Here is a comprehensive breakdown of how to differentiate hemorrhoids from rectal prolapse:
Differentiating Hemorrhoids from Rectal Prolapse
The single most important distinguishing feature is the orientation of the mucosal folds on the protruding tissue.
Key Differentiating Feature: Fold Pattern
| Feature | Prolapsed Hemorrhoids | Full-Thickness Rectal Prolapse |
|---|
| Mucosal folds | Radial (like spokes of a wheel), with grooves along hemorrhoid cushions | Concentric (ring-shaped, like onion layers) |
| Appearance | Separate cushion-like masses at 3, 7, 11 o'clock positions | Symmetrical, ball-like red mass |
| Sulcus | No sulcus between tissue and anus | A sulcus (groove) can be palpated between the extruded bowel and anus |
| Wall thickness on DRE | Thin wall | Thick muscular wall |
| Anal sphincter tone | Usually normal | Lax, patulous anus with decreased tone |
| Extent | Rarely extends >5 cm beyond the anal verge | Can protrude considerably further |
| Associated structures | May be thrombosed, skin tags present | May have anterior solitary rectal ulcer (10–15% of cases) |
"The full-thickness rectal prolapse has concentric folds, whereas prolapsed hemorrhoids or rectal mucosa is characterized by radial folds, with grooves along hemorrhoid cushions."
— Sabiston Textbook of Surgery, block 23
"It is important to differentiate the circumferential appearance of a full-thickness rectal prolapse from the radial nature of prolapsing hemorrhoids."
— Harrison's Principles of Internal Medicine 22E
Clinical Picture of Full-Thickness Rectal Prolapse
Rectal prolapse — note the concentric, circumferential mucosal folds of the protruding mass.
Complete rectal prolapse (procidentia) is most common in older women and is associated with:
- A lax, patulous anus with weak sphincter tone
- Possible fecal incontinence, mucoid/bloody discharge
- Protrusion during defecation, coughing, or straining
- Often coexists with uterine prolapse or cystocele
— Rosen's Emergency Medicine, block 14
Hemorrhoid Classification (for context)
Prolapsing hemorrhoids are graded by degree of protrusion:
| Grade | Description |
|---|
| I | Enlargement with bleeding, no protrusion |
| II | Protrude but reduce spontaneously |
| III | Protrude, require manual reduction |
| IV | Irreducible |
Hemorrhoidal bleeding is painless bright red blood. Pain, if present, usually indicates a thrombosed external hemorrhoid.
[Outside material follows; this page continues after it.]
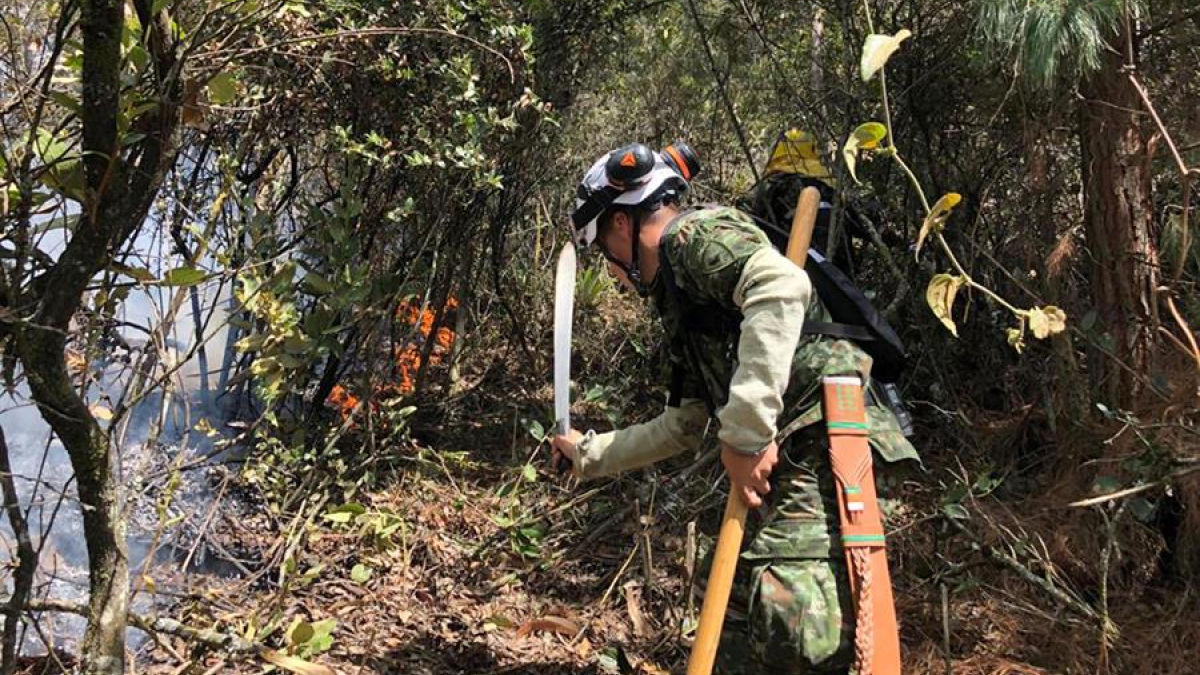 Un grupo de soldados trabaja en la extinción del incendio forestal activo en los Cerros Orientales de Bogotá. 
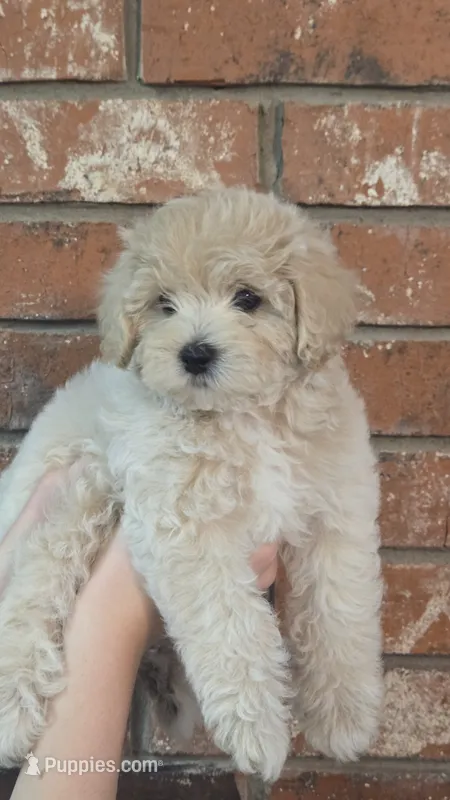 Charlotte – Poodle - Toy , Poodle - Miniature  puppy for sale in Enid, OK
— Harrison's Principles of Internal Medicine 22E, block 36
Examination Approach
- Inspect at rest — look for a patulous anus (suggests complete prolapse)
- Ask the patient to strain — this brings out the prolapse
- Observe fold pattern — concentric = rectal prolapse; radial = hemorrhoids
- Digital rectal exam — feel wall thickness and probe for a sulcus
- Anoscopy/proctoscopy — erythema at 5–6 cm suggests the leading edge of a prolapse; also detects solitary rectal ulcer
If examination in the office is unrevealing, the patient can be asked to strain at home and photograph the protrusion. Defecography or MRI defecography can confirm rectal prolapse and identify coexisting disorders (rectocele, sigmoidocele, cystocele).
— Sabiston Textbook of Surgery, block 23
Special Note in Children
In children under 3 years, mucosal prolapse is common and often mistaken by parents for a hemorrhoid. Key clue: the mucosal prolapse in children appears as a painless, maroon-colored mass, rarely extending more than 5 cm, and is frequently associated with cystic fibrosis, malnutrition, or parasitic infection — all of which must be screened for.